Retype, exactly as they appear below, the lines between the line holding "Trezor POSTALÁDA KÜLTÉRI" and the line holding "Полный металл Rgbw", both ends included.

* [DATASET RECORDS]:
☆ ☆ ☆

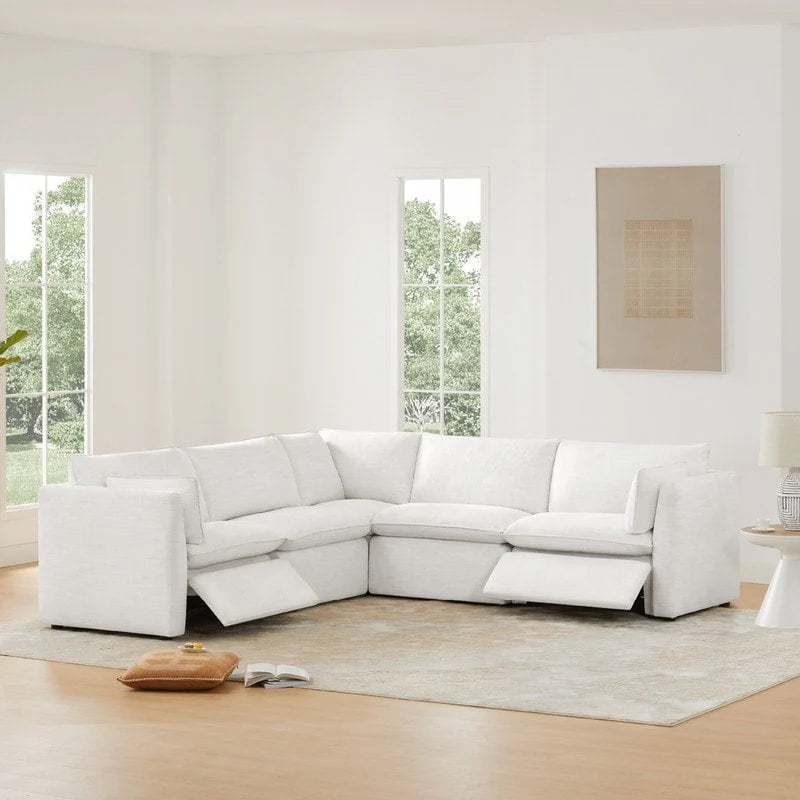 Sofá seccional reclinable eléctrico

☆ ☆ ☆

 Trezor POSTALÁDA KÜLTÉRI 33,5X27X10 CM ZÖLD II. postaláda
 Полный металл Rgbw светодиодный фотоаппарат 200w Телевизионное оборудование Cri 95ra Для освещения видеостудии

☆ ☆ ☆

* [TASK OUTPUT]:
 Trezor POSTALÁDA KÜLTÉRI 33,5X27X10 CM ZÖLD II. postaláda
 Полный металл Rgbw светодиодный фотоаппарат 200w Телевизионное оборудование Cri 95ra Для освещения видеостудии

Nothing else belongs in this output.